13 The web should have been a read-write medium from the beginning

Berners-Lee's original desire was for a web that would enable people not only to publish, but also to modify, web pages, but in the end practical considerations led to the compromise of a read-only web. Anybody could publish, but only the authors or owners of web pages could modify them. This led to the evolution of the web in a particular direction and it was probably the factor that guaranteed that corporations would in the end become dominant.

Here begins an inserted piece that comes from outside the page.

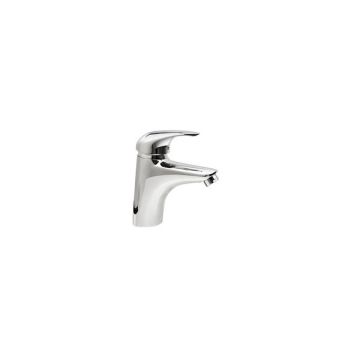Nabis Alia monobloc bath filler tap A05407 Chrome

14 The web would be much more useful if web pages were machine-understandable

Web pages are, by definition, machine-readable. But machines can't understand what they "read" because they can't do semantics. So they can't easily determine whether the word "Casablanca" refers to a city or to a movie. Berners-Lee's proposal for the "semantic web" – ie a way of restructuring web pages to make it easier for computers to distinguish between, say, Casablanca the city and Casablanca the movie – is one approach, but it would require a lot of work upfront and is unlikely to happen on a large scale. What may be more useful are increasingly powerful machine-learning techniques that will make computers better at understanding context.

15 The importance of killer apps

A killer application is one that makes the adoption of a technology a no-brainer. The spreadsheet was the killer app for the first Apple computer. Email was the first killer app for the Arpanet – the internet's precursor. The web was the internet's first killer app. Before the web – and especially before the first graphical browser, Mosaic, appeared in 1993 – almost nobody knew or cared about the internet (which had been running since 1983). But after the web appeared, suddenly people "got" it, and the rest is history.

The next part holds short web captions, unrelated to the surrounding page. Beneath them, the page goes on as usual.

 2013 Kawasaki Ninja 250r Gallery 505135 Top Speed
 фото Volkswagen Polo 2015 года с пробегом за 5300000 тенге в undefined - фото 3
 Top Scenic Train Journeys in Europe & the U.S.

16 WWW is linguistically unique

Well, perhaps not, but Douglas Adams claimed that it was the only set of initials that took longer to say than the thing it was supposed to represent.

17 The web is a startling illustration of the power of software

Software is pure "thought stuff". You have an idea; you write some instructions in a special language (a computer program); and then you feed it to a machine that obeys your instructions to the letter. It's a kind of secular magic. Berners-Lee had an idea; he wrote the code; he put it on the net, and the network did the rest. And in the process he changed the world.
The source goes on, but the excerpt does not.